_Task item_
Using only the entries below, output the lines starting at the one containing "Lumen Landscaping |" and ending at the one containing "Trekkingschuhe Salomon Xa", exactly and inclusive of both, omitting the pictures.

_Dataset excerpts_
Start of Block

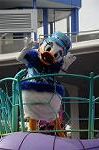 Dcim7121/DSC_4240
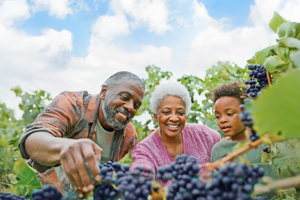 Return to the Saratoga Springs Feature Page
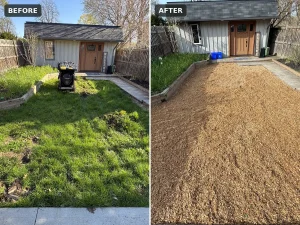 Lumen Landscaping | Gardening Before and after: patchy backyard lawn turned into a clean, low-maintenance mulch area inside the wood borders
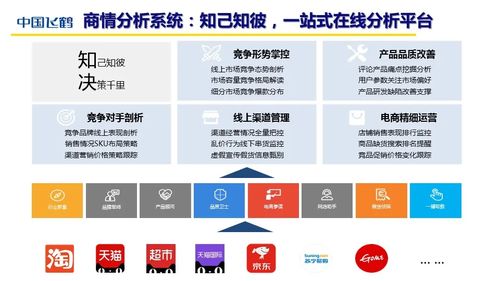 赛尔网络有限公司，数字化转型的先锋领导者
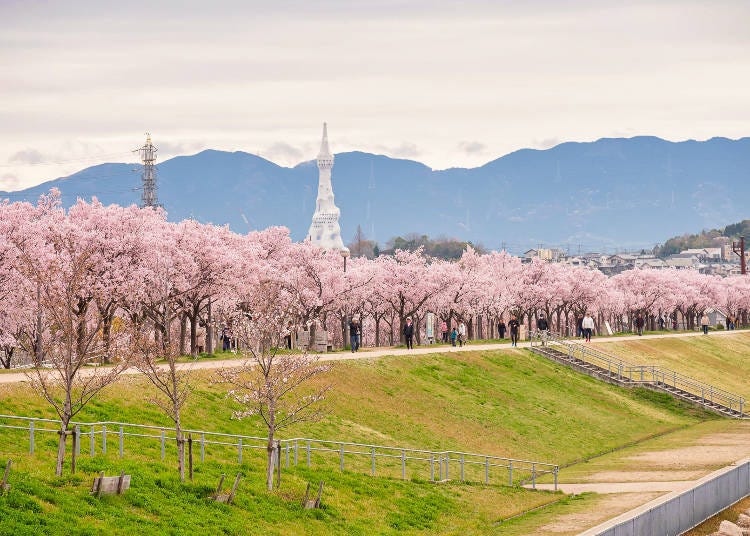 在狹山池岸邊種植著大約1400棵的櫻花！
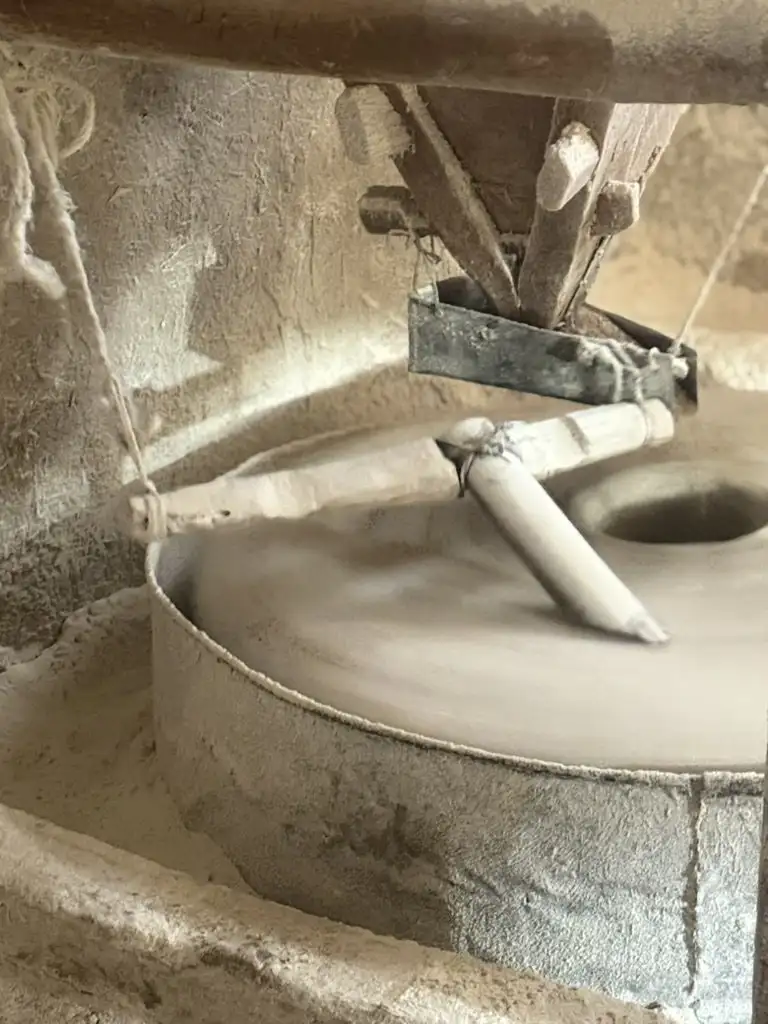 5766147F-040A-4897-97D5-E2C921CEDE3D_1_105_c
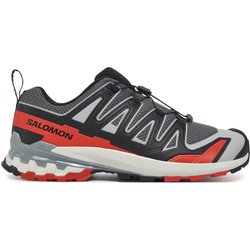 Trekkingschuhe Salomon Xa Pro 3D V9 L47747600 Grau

End of Block
Start of Block

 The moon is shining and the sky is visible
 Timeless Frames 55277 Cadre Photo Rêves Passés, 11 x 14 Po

End of Block
Start of Block

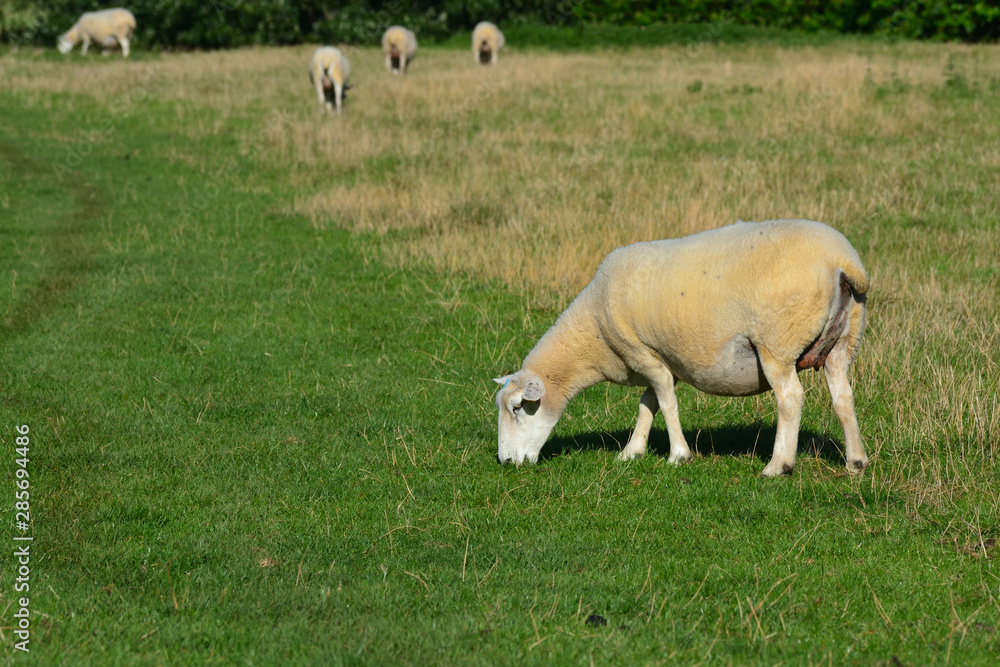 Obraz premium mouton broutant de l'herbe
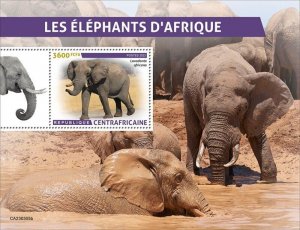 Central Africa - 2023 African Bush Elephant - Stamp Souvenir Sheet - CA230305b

End of Block

_Exercise response_
 Lumen Landscaping | Gardening Before and after: patchy backyard lawn turned into a clean, low-maintenance mulch area inside the wood borders
 赛尔网络有限公司，数字化转型的先锋领导者
 在狹山池岸邊種植著大約1400棵的櫻花！
 5766147F-040A-4897-97D5-E2C921CEDE3D_1_105_c
 Trekkingschuhe Salomon Xa Pro 3D V9 L47747600 Grau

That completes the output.